[Records from a collection]
BEGIN
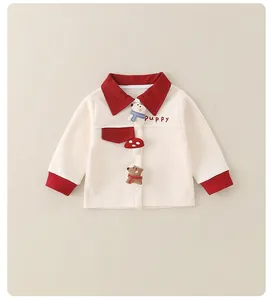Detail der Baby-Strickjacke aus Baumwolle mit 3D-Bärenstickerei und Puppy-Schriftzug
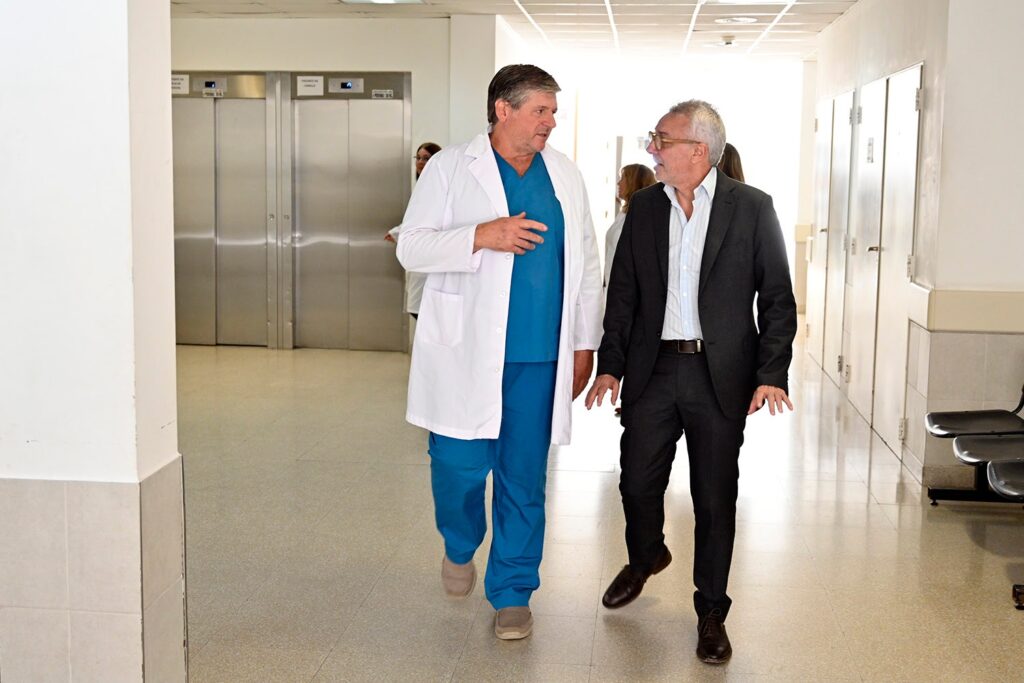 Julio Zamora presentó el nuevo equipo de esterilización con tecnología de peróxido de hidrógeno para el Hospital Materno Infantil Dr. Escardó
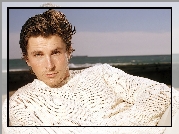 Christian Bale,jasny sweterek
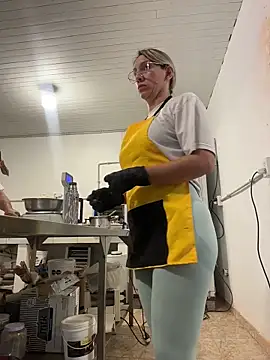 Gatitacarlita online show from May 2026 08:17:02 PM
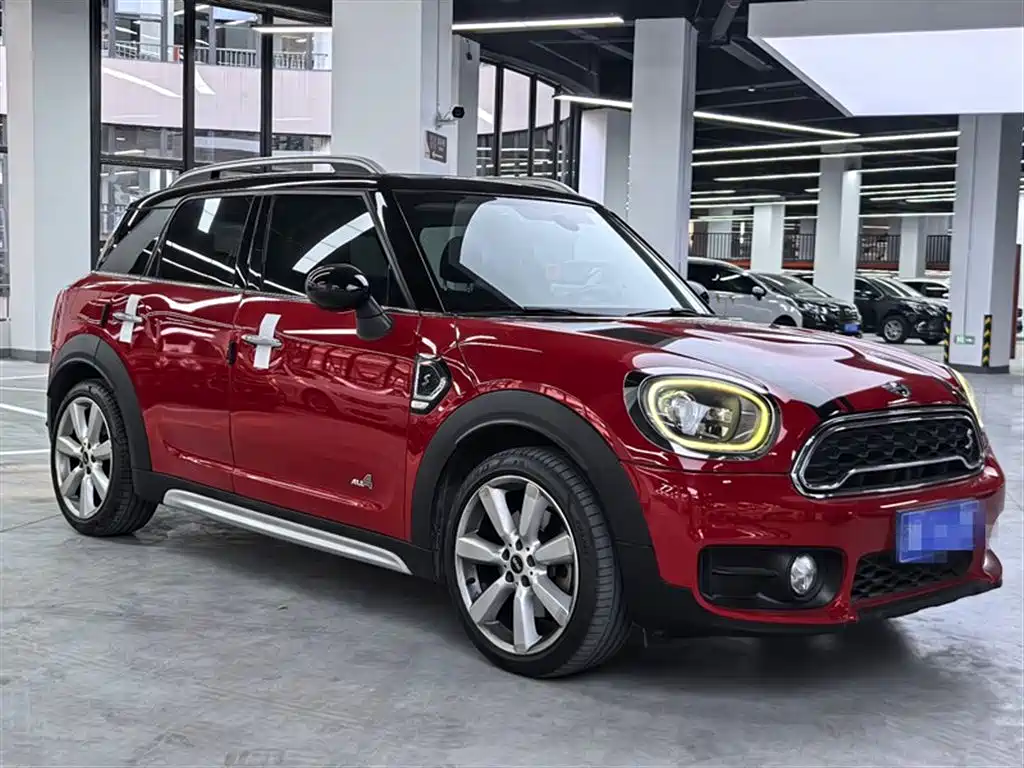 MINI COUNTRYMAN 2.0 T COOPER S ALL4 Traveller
END
BEGIN
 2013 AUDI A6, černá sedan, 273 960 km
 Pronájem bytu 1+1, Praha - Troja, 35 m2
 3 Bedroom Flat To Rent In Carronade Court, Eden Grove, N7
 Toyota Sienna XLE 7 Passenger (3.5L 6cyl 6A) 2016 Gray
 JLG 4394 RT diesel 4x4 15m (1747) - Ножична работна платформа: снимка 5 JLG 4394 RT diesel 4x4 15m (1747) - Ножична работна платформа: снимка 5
END
BEGIN
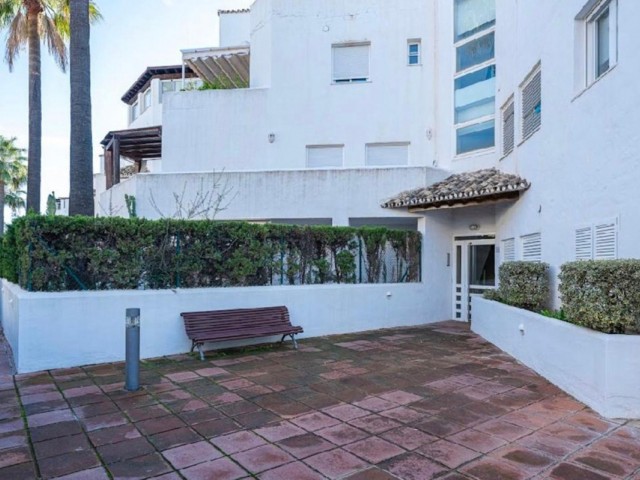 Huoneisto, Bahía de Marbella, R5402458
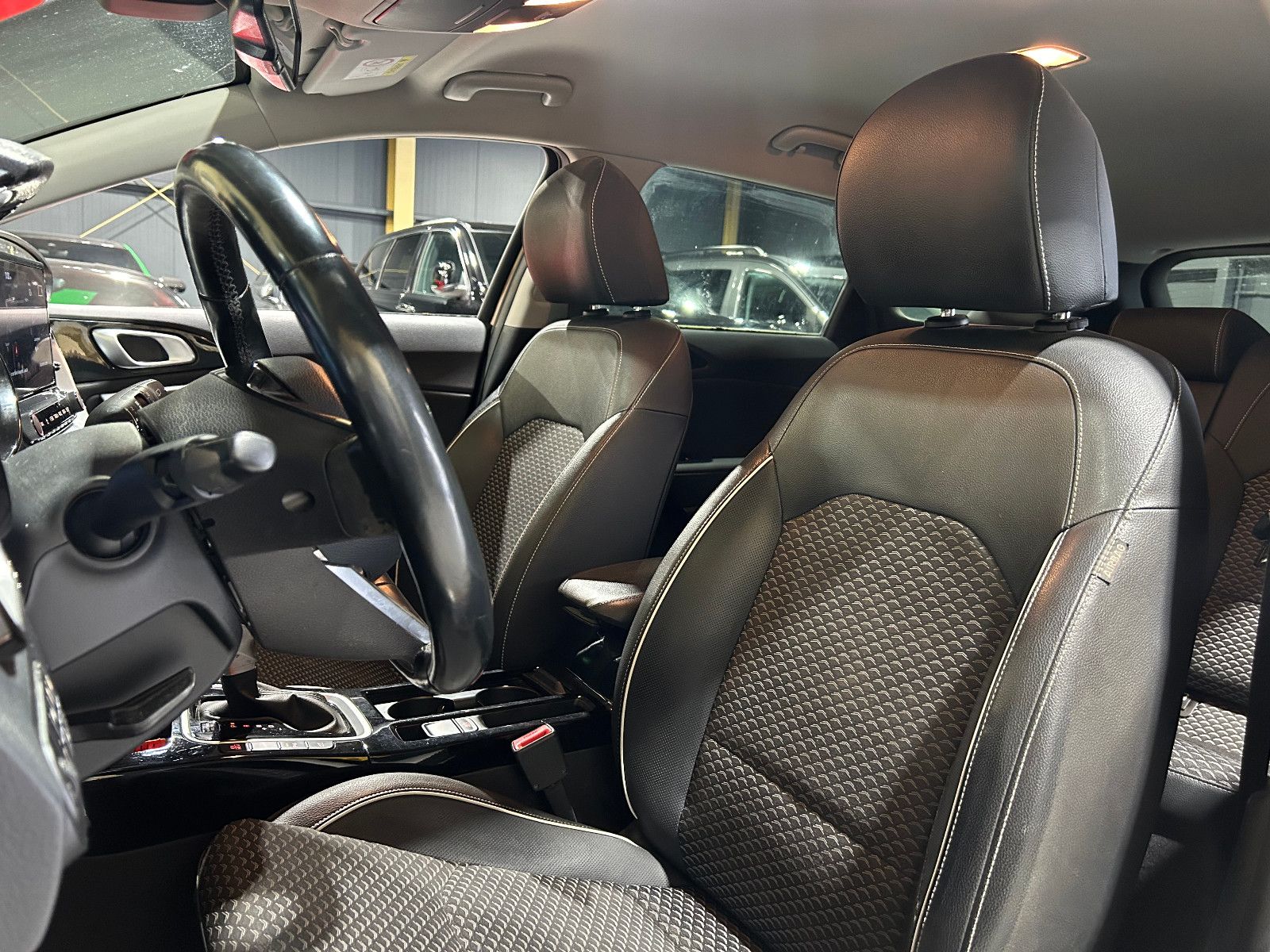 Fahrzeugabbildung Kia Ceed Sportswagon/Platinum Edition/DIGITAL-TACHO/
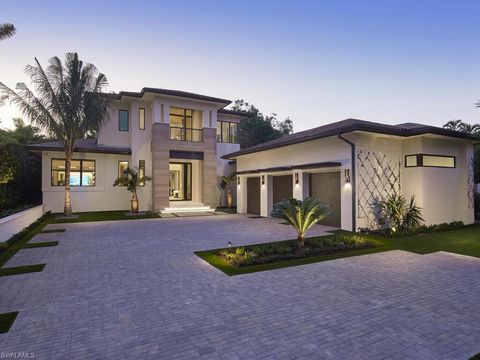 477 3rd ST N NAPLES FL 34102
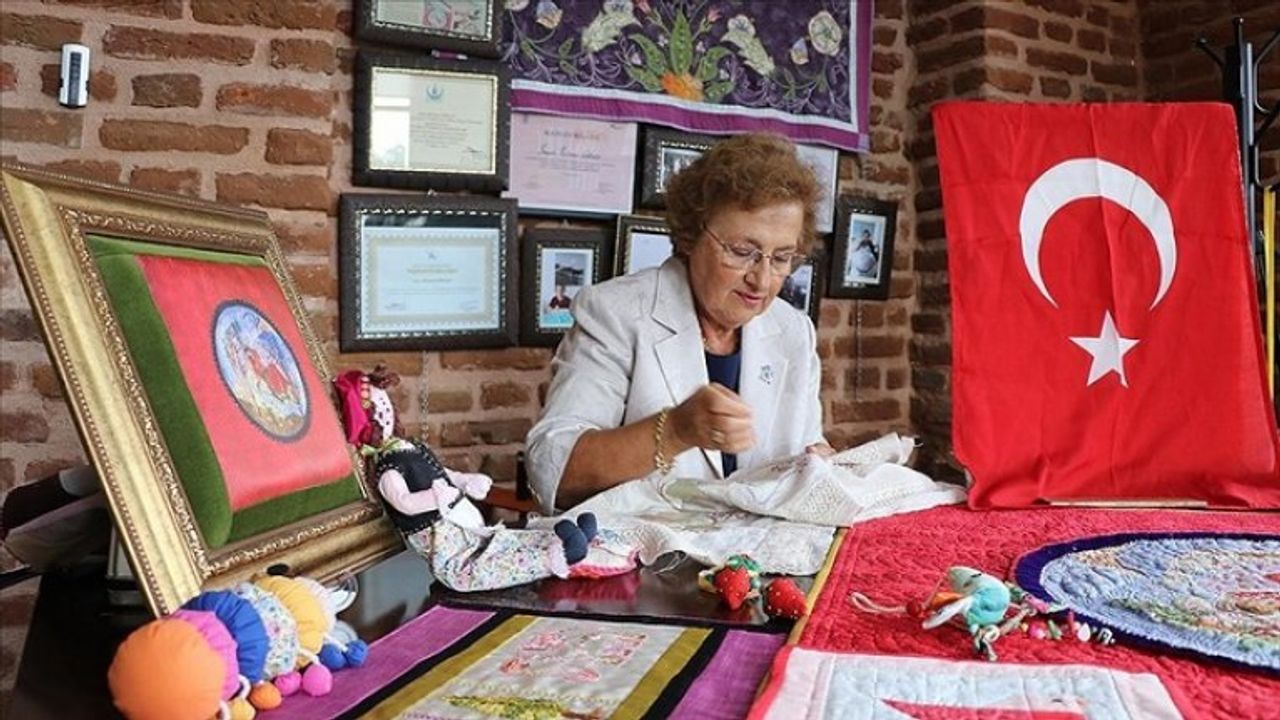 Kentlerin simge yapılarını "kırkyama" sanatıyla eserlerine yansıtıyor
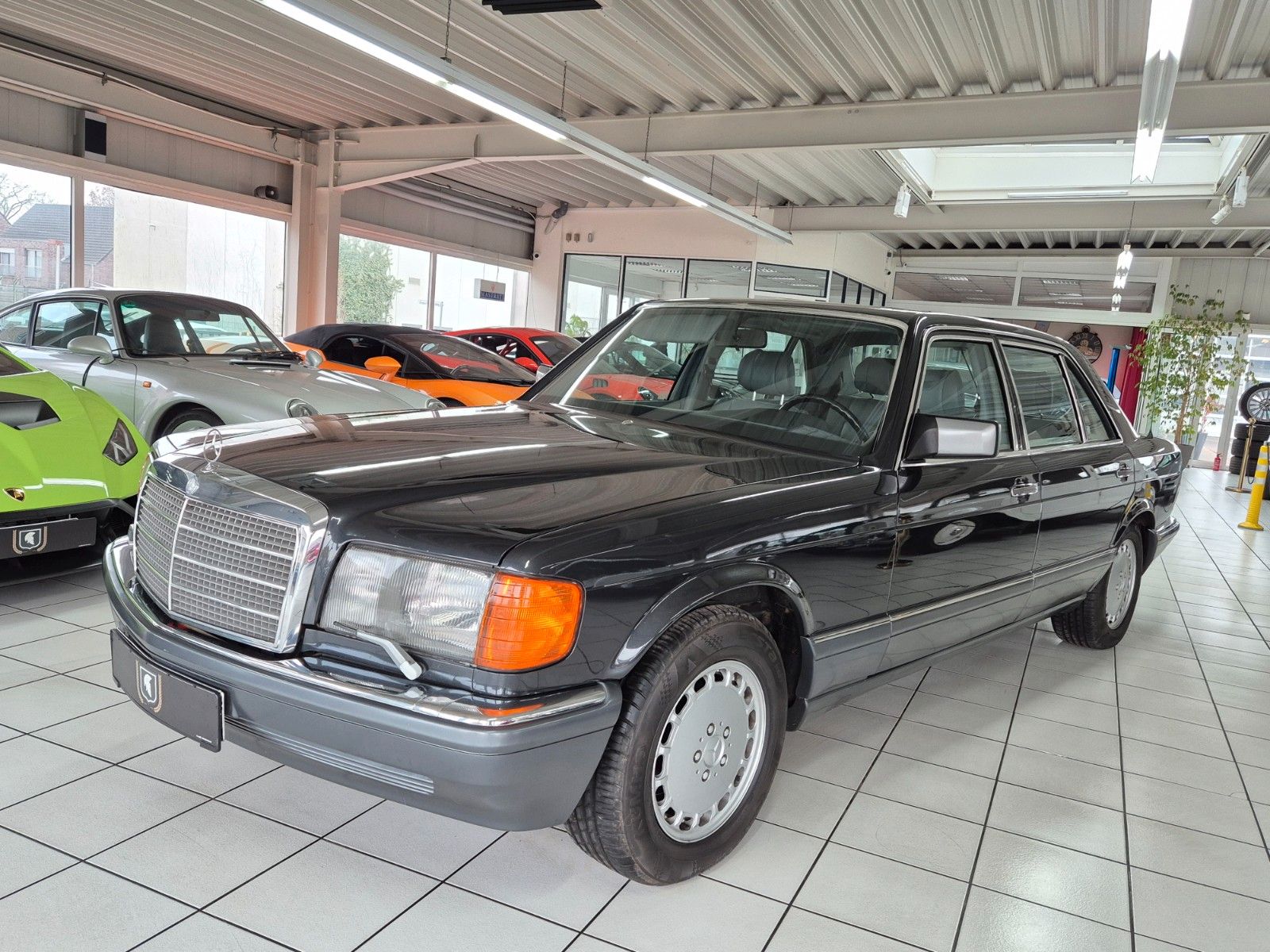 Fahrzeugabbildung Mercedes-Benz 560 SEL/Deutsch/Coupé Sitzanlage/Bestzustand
END
● **WHAT IS REQUIRED**:
Please output exactly the lines between the one holding "2013 AUDI A6, černá sedan, 273 960 km" and the one holding "снимка 5 JLG" in the records above, inclusive, and nothing more.

● **TASK RESULT**:
 2013 AUDI A6, černá sedan, 273 960 km
 Pronájem bytu 1+1, Praha - Troja, 35 m2
 3 Bedroom Flat To Rent In Carronade Court, Eden Grove, N7
 Toyota Sienna XLE 7 Passenger (3.5L 6cyl 6A) 2016 Gray
 JLG 4394 RT diesel 4x4 15m (1747) - Ножична работна платформа: снимка 5 JLG 4394 RT diesel 4x4 15m (1747) - Ножична работна платформа: снимка 5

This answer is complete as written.